A guest post from Monimbo
I hesitate to say that the government has published its final proposals for the self-financing of council housing, since they’ve made so many announcements about it they are rivalling the quantity issued by the previous government. And strangely enough, despite this the broad shape of the package is pretty much the same as that put forward by John Healey when he offered his ‘prospectus’ last year. One key difference, of course, is that a prospectus implies choice, whereas the current package will – after a bit of negotiation around the edges – be imposed by statute from April 2012, on all 171 councils that still have housing stock.

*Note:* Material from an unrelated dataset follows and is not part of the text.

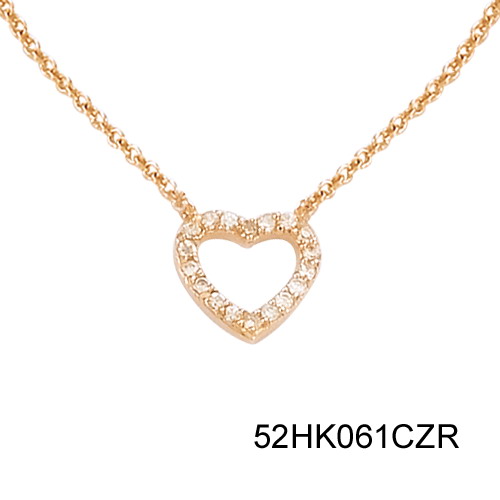 52HK061CZR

On the face of it, the figures involved look alarming, and no doubt some on the left will use them to oppose self-financing outright, as they did when Labour put it forward. The headline figure is that councils will take on around £19bn of new debt, to enable them (in effect) to buy their way out of the system. While the LGA originally demanded that all ‘historic’ debt be written off, this was always an unlikely call on public funds, even more so with Mr Osborne in charge at the Treasury. More recently, among local authorities there has been gradual and – almost – universal acceptance of the principle that extra debt would have to be taken on as the price for escaping from the so-called ‘subsidy’ system. (The word ‘subsidy’ increasingly means, of course, that tenants subsidise the Exchequer, not the other way round.) And the other side of the coin is that a minority of councils will have part of their debt paid off.
Inevitably, the Treasury had its fingers in this pie well before the general election. The cap on each council’s borrowing, which restricts them to the levels to be included in the settlement itself, was already envisaged in Labour’s prospectus. Not only that, but it was always likely that the Treasury would ensure that it kept the surpluses the government would have earned from council housing in the future, however much these are correctly argued to amount to ‘daylight robbery’ from tenants.
In terms of the arithmetic, the spreadsheet experts have so far concluded that the current deal is similar to, and perhaps even a bit better than, the one in John Healey’s prospectus. However, whatever the overall deal, what will matter to authorities is how their individual figures work out. Given that there is a fair amount of local detail in the latest paper, this is where the focus of interest on the figures is likely to shift.
There is already a danger, of course, that hard-pressed councils whose revenue support grant has been cut are looking at their housing revenue accounts to see if they can help make up the shortfall. Labour was alive to this, and included updated guidance about maintaining the ‘ring fence’ around the HRA in its prospectus. In the current document, the guidance has been dropped and there is only a brief reminder that the ring fence needs to be kept. It seems to me that it’s always been down to tenants to be vigilant on this issue. Their vigilance needs to be even greater when, after April next year, the only income to the HRA will be their rents. The first call on rents will be to pay the debt charges, then maintain the stock, then run the landlord service. Councils and tenants can’t afford to let any of their rental income be siphoned off to make good cuts elsewhere.
There remain several points of contention about the caveats in the overall deal the government has put on the table, and all of these are a result of those greedy Treasury fingers looking for the meat in the pie. The new one to emerge as part of Mr Shapps’ package is that councils will have to continue paying three-quarters of right to buy receipts back to government. Labour can hardly rail against this iniquity, since they introduced it, but credit was due to John Healey that through his package it would have been brought to an end. The Treasury have locked their fingers round this tasty morsel, and must now somehow twist the settlement so that it reflects 30 years of future stock losses through right to buy. This introduces a high and unnecessary degree of uncertainty, since predictions of right to buy sales are invariably wrong.
The Treasury also wants the facility to reopen the settlement if circumstances change. One of these might of course be a wayward forecast of the effects of the right to buy, but the very prominence of this caveat is making councils think that ‘self-financing’ might be maintained only as long as it suits the Treasury. This is not what the deal is supposed to be about.
However, it’s the debt cap that really grates with councils, in part because of the context of overall spending cuts. If it was a bad idea under Labour, it’s a far worse one when grants from central government and other sources of finance apart from borrowing are likely to be extremely scarce, to put it mildly.
The debt cap, the continued repayment of receipts and the constant threat that the settlement might be reopened are all eroding councils’ supposed autonomy. Interestingly, as was revealed last month, councils have an unlikely ally in the deputy prime minister, who is said to have asked for councils’ borrowing powers to be reconsidered in a letter to Eric Pickles about the imminent local government finance review.
Of course, if the Treasury were to listen, at last, to the case for taking council borrowing out of the main national accounts, they could use self-financing to get council debt off the government’s books completely. Council housing is anyway now classified as outside government by the Office for National Statistics. Because most of its income comes from charges (rents). Where councils have ALMOs, these are considered separate public corporations (like, say, the BBC). Taken together with likely changes to the accountancy rules about housing revenue accounts and the separating out of housing debt, this could be the moment for the Treasury to take a step towards giving council housing – like housing associations – real autonomy. However, none of us will be holding our breath.